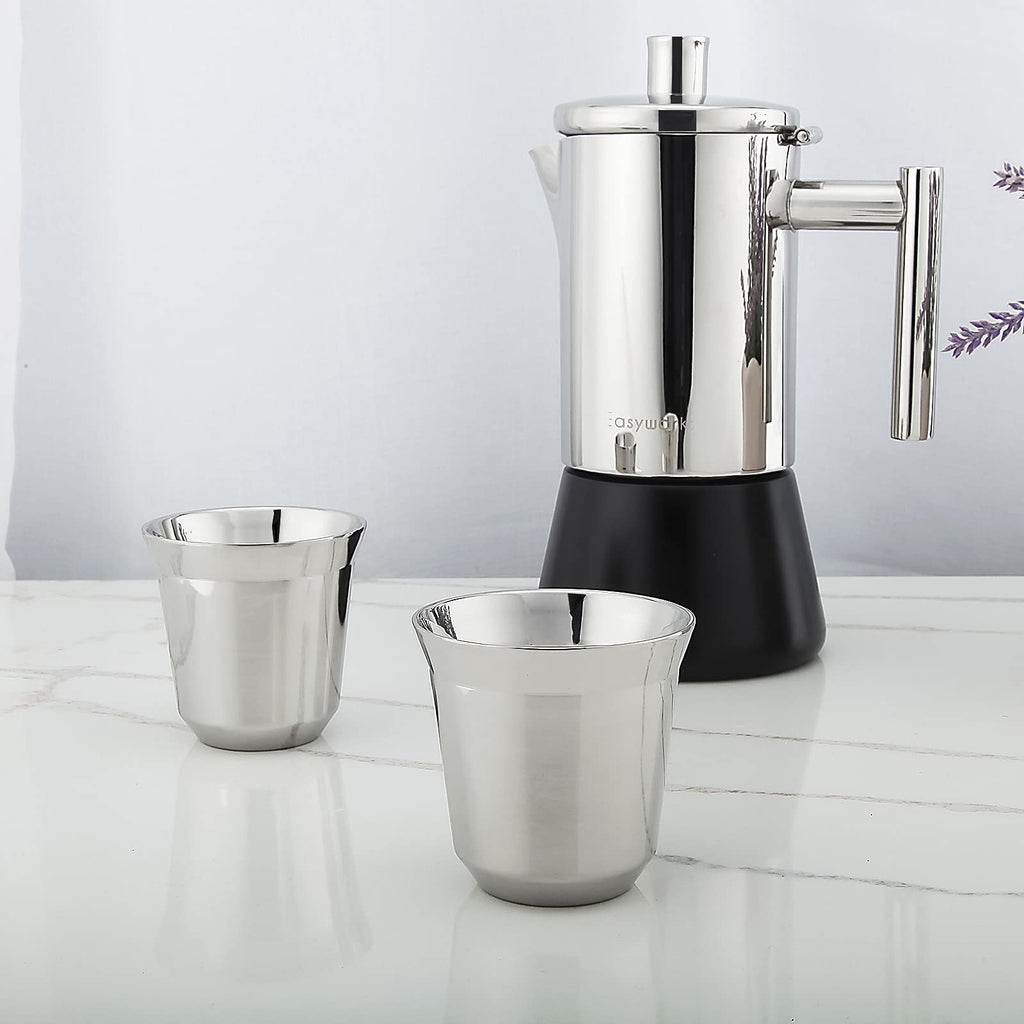 12 oz French Press with 5 oz Stainless Steel Espresso Cups D92087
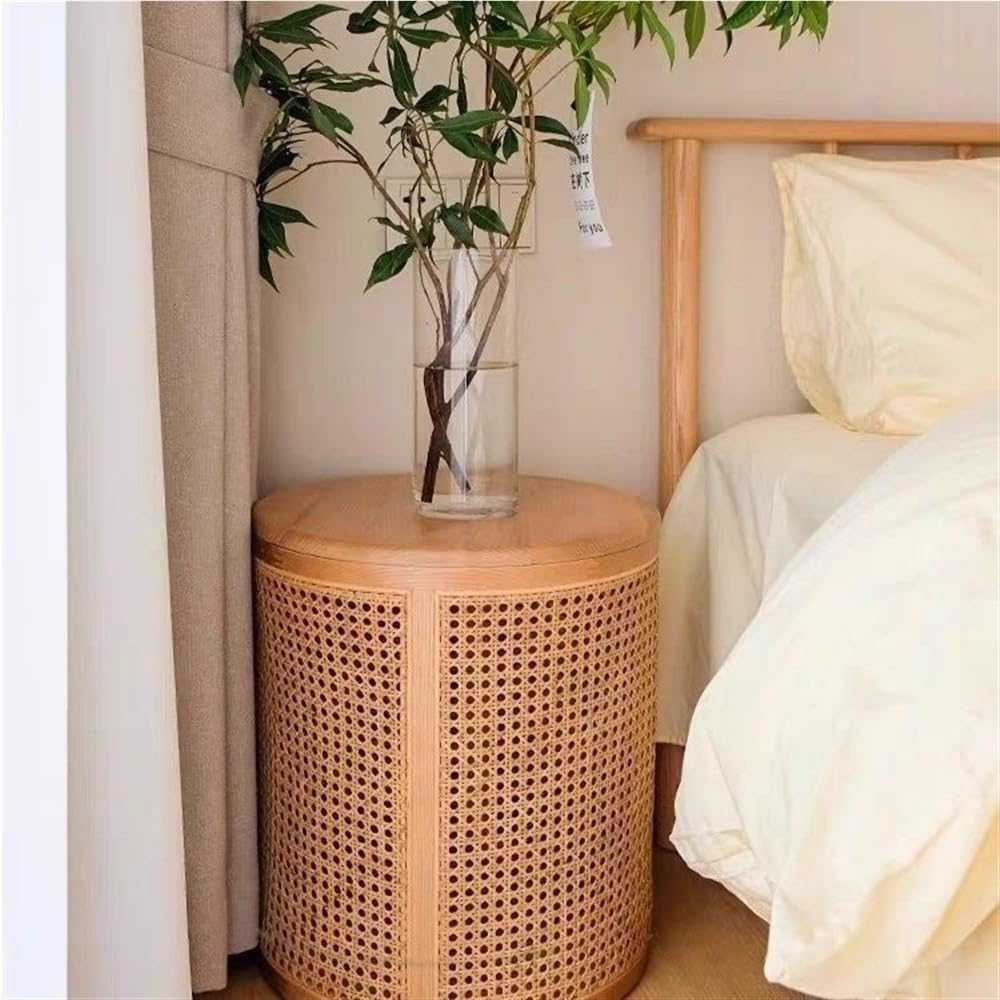 Round Wood Rattan Side Table Japanese Style Small Coffee Table with Storage B...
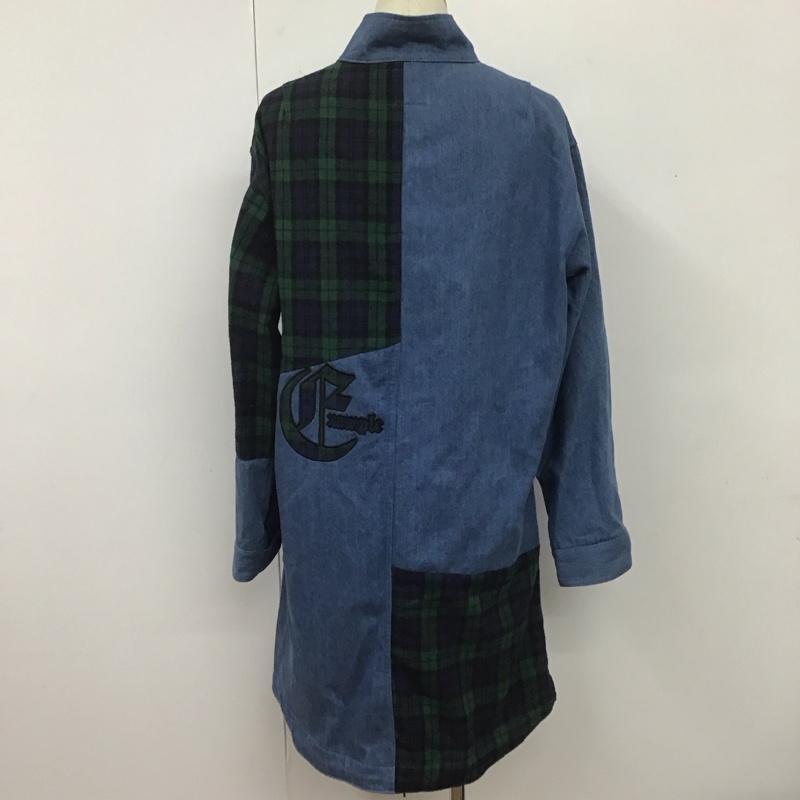 イグザンプル EXAMPLE コート コート一般 DENIM MOD COAT ライトオンス チェック L ワンポイント 青 / ブルー / メンズ USED 古着 中古 10106925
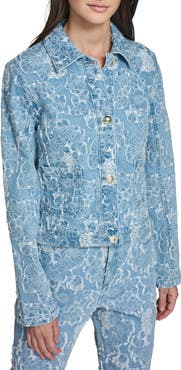 KARL LAGERFELD PARIS Floral Jacquard Denim Jacket
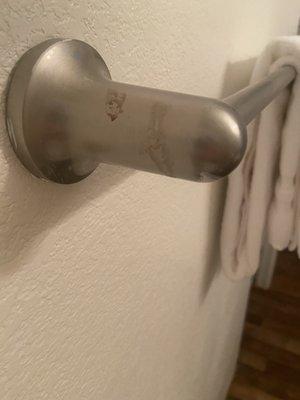 Blood on the towel rack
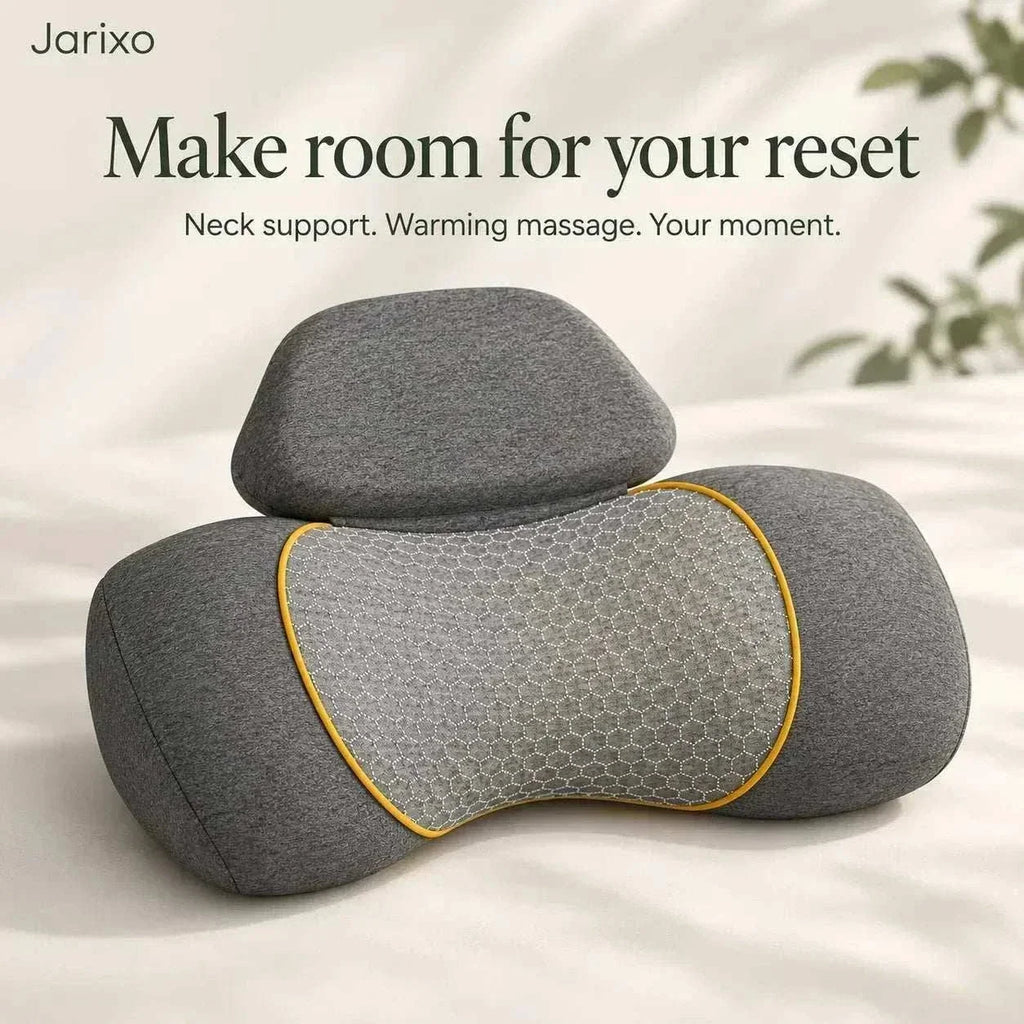 Neck massager pillow in grey fabric with a textured mesh centre, yellow piping and a separate raised neck support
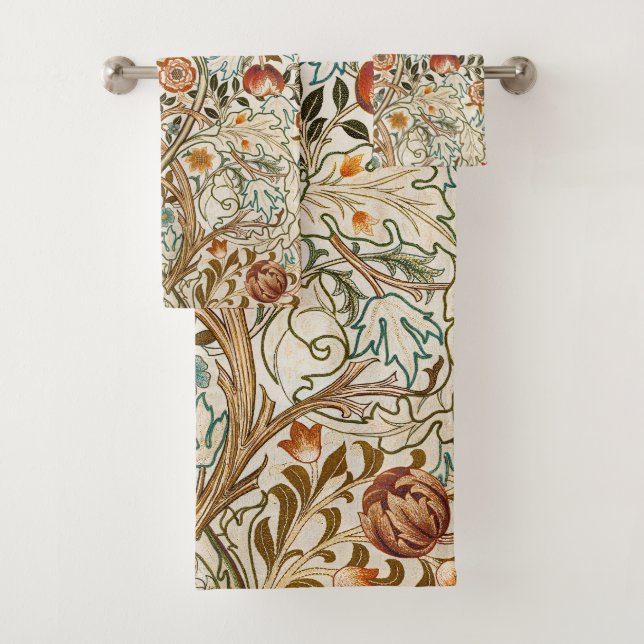  Morris Acanthus Floral Crewel Embroidery Pattern Bath Towel Set (Insitu)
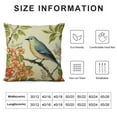 thumbnail image 5 of COMIO  Throw Pillow Cover Spring Vintage Watercolor Birds Flowers Green Plants Home Decor Pillowcase Square Cushion Cover for Sofa Bed Couch, 5 of 5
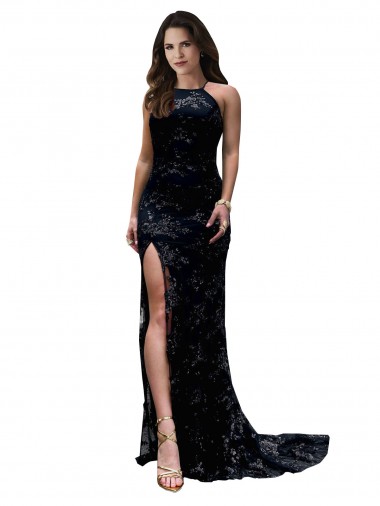 Sem Mangas Decote Alto Abrir de volta Renda Sereia Longo Vestidos de Madrinha / Vestidos de Noite / Vestidos de Festa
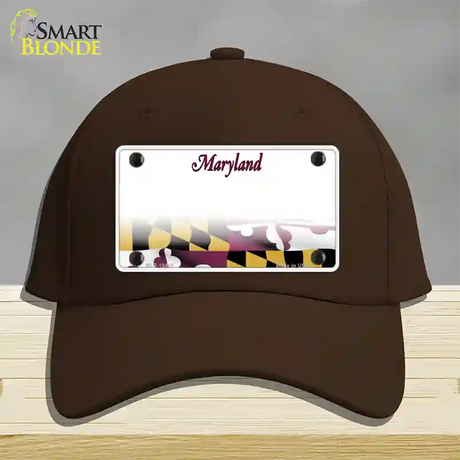 Maryland State Blank Novelty License Plate Hat Cotton / Dark Brown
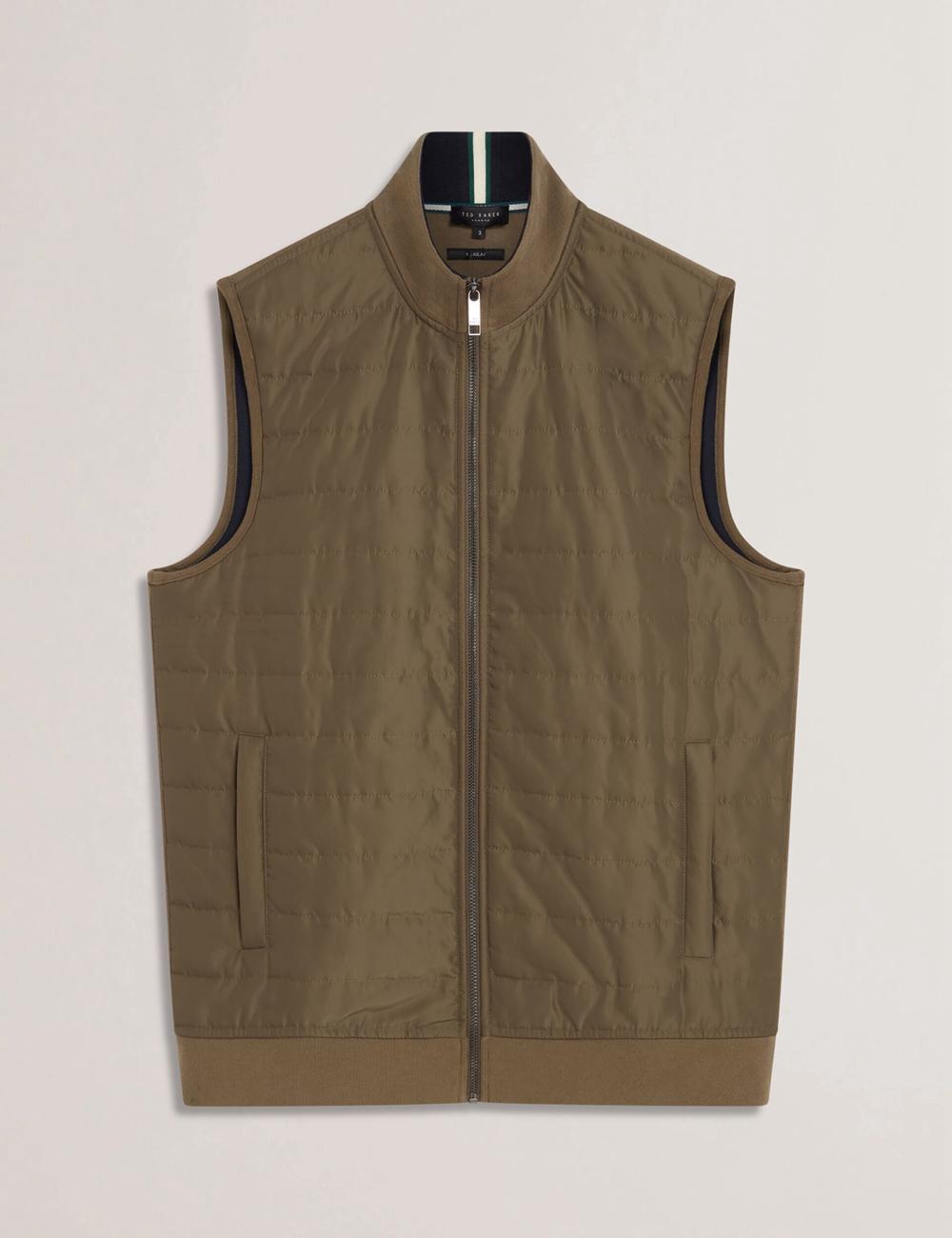 Men Ted Baker ATHO - Quilted Funnel Neck Zip-Up Gillets Olive | XNAZ93041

--- --- ---

Task instructions >> No pictures belong in the answer. It must repeat exactly the lines from the line with "thumbnail image 5" through the final line of the records.

Exercise answer >>
 thumbnail image 5 of COMIO  Throw Pillow Cover Spring Vintage Watercolor Birds Flowers Green Plants Home Decor Pillowcase Square Cushion Cover for Sofa Bed Couch, 5 of 5
 Sem Mangas Decote Alto Abrir de volta Renda Sereia Longo Vestidos de Madrinha / Vestidos de Noite / Vestidos de Festa
 Maryland State Blank Novelty License Plate Hat Cotton / Dark Brown
 Men Ted Baker ATHO - Quilted Funnel Neck Zip-Up Gillets Olive | XNAZ93041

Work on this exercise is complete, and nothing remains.